From the very beginning, Brad Oberle was a nature enthusiast.
He recalls spending his childhood outside, surrounded by a family that practiced recycling, and a community that had an intimate relationship with nature. His godmother gifted him a children’s book called 50 Simple Things Kids Can Do to Save the Earth. He had a fascination with dinosaurs and big cats—though it proved difficult to find either of those in St. Louis. That didn’t stop him from continuing to explore, however, and his early life was filled with many moments spent in nature. He can pinpoint one in particular that marked the beginning of his future.
“I remember counting 12 different species of spring wildflowers,” he reflected. “That was a transformative experience for me as a 12-year-old. I went to a bookstore and bought my first wildflower guide after that, and that set me on my personal path towards botany.”
With such salient memories, it’s no surprise that Oberle can sum up his plant-informed identity without any hesitation.
“I love plants and I’m a big tree hugger, and those go all the way back to childhood.”
He’s proud of it, though it’s more than that. He uses this sure self-proclamation not just to describe himself, but also to explain why he does what he does, and what he hopes to do with the interests and ambition that have built over the years. In short, he loves plants—but it doesn’t stop there.
“Those are core parts of my identity,” he said. “Since then, I’ve just tried to learn how to combine those two passions.”
Oberle embarked on a career that did just that, largely characterized by the interconnectedness between university education and research within botanical gardens and cultural institutions.
For instance, his graduate school training was a joint program between the Missouri Botanical Garden and Washington University at St. Louis. He then went on to a research position at the University of Zurich at the Institute for Systematic Botany in Switzerland, which is housed at its botanical garden. After that, Oberle completed a postdoctoral research position at George Washington University, which neighbors the National Natural History Museum in Washington D.C.

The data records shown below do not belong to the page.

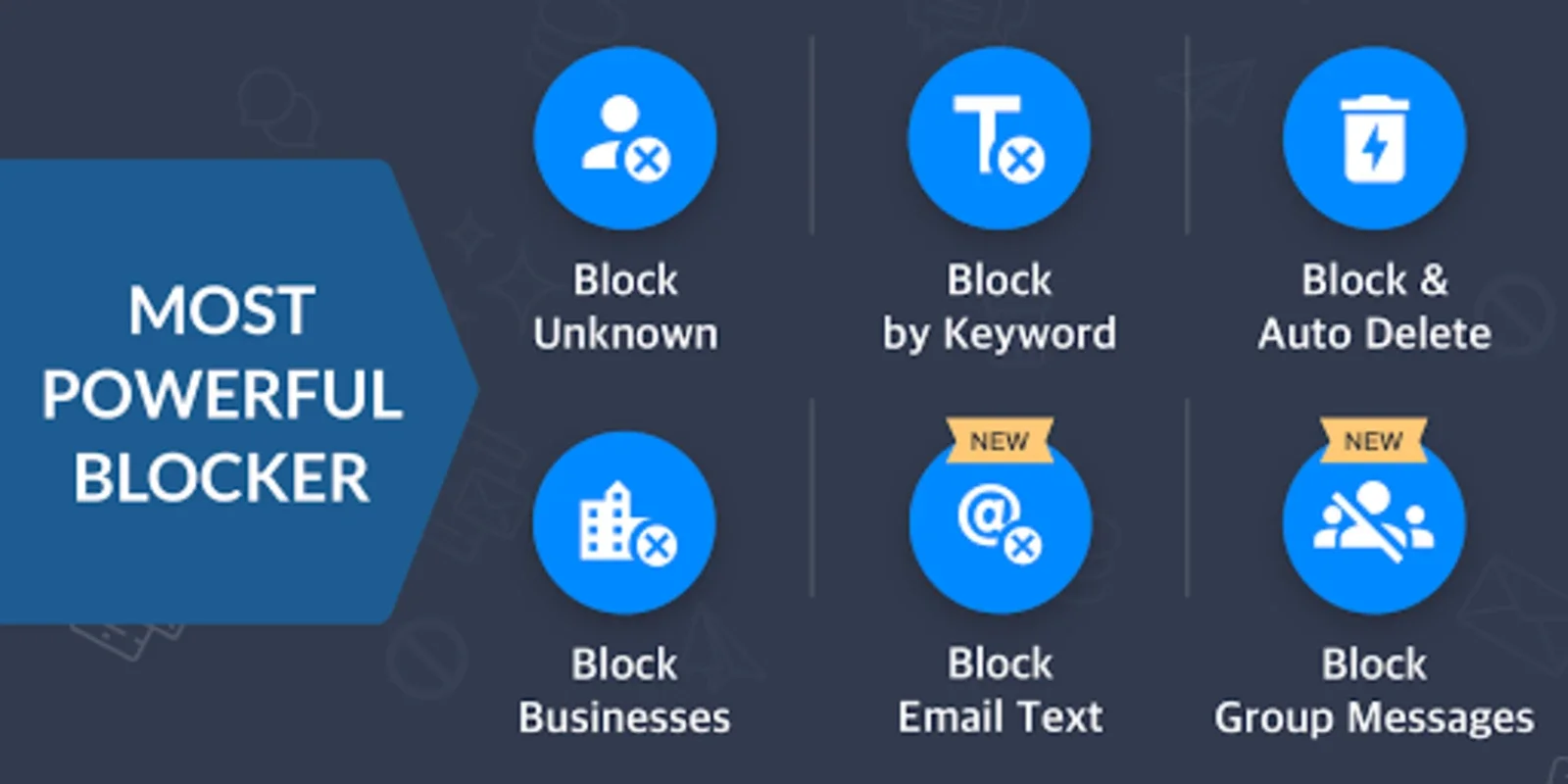 Clean Inbox - smsBlocker for Android - Manage and Block SMS Messages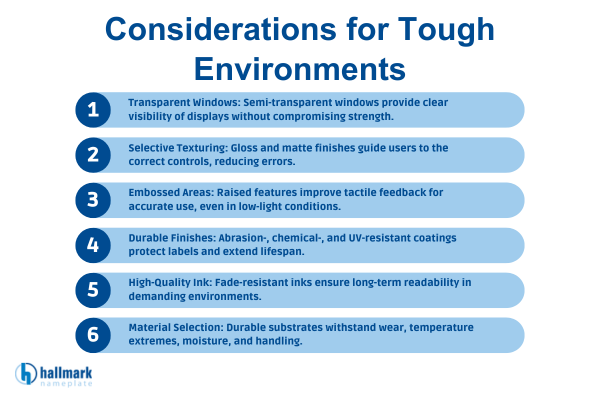 overlay consideration touch environment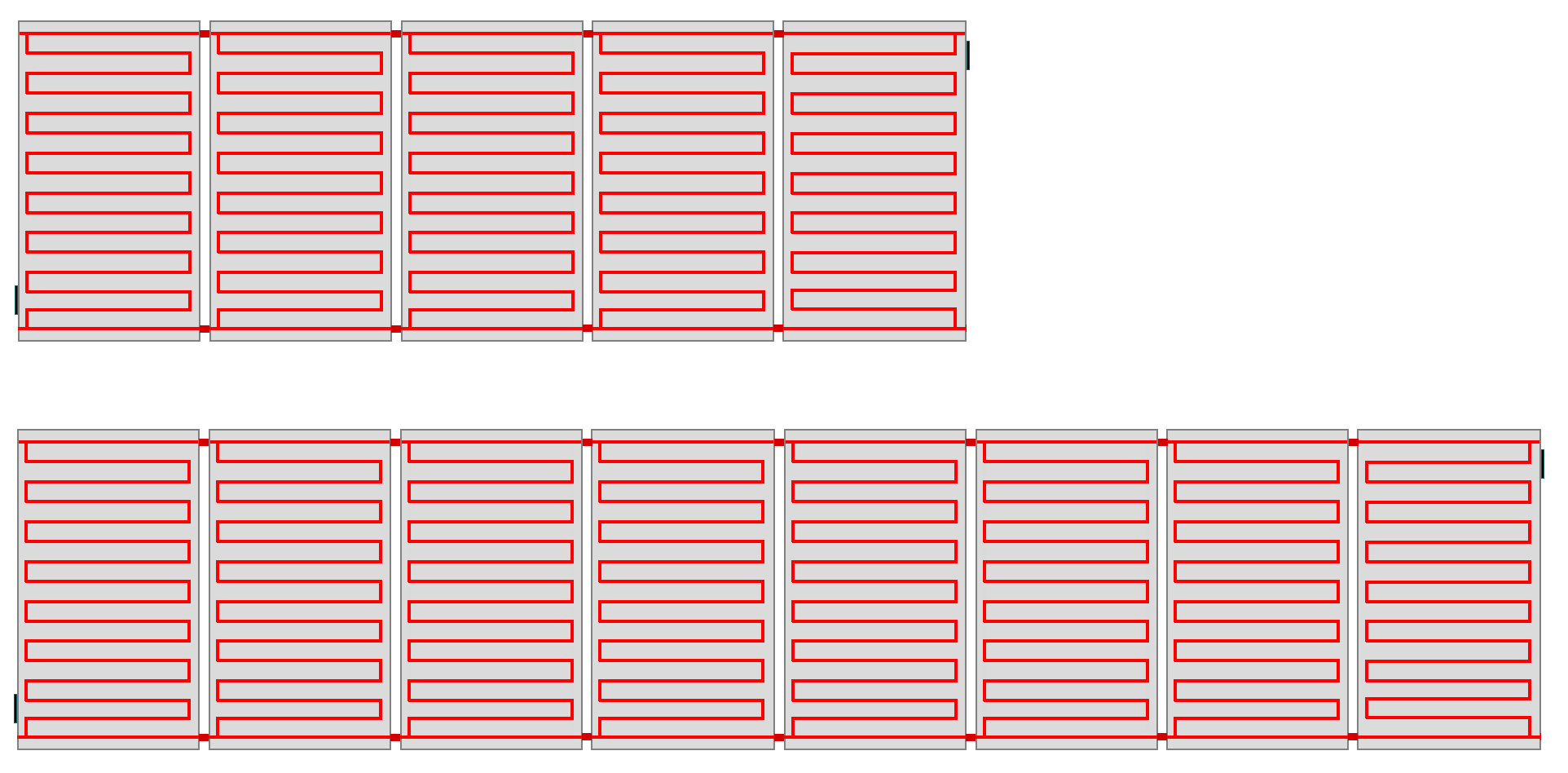 5. Podstawowe wymagania techniczne dla instalacji solarnej Możliwości podłączenia kolektorów słonecznych Możliwość wpięcia kolektorów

His proximity to educational institutions only narrowed once he took a job as an assistant professor at the New College of Florida—a small student-centered liberal arts school and a public institution, its low tuition drew a diverse population from around the state. Oberle used this as an opportunity to expose his students to the importance of plants and conservation.
Knowing the importance of botanical gardens in scientific education, Oberle worked closely with Marie Selby Botanical Gardens to integrate programs between the two institutions.
His work there was transformative. With his first year, he helped establish a formal collaboration between the school and garden. He helped attract a major scholarship program to support students conducting research at Marie Selby, and he relaunched its in-house research journal, Selbyana, as online and open-access.
“It was extremely gratifying to inspire the next generation of leaders,” he said.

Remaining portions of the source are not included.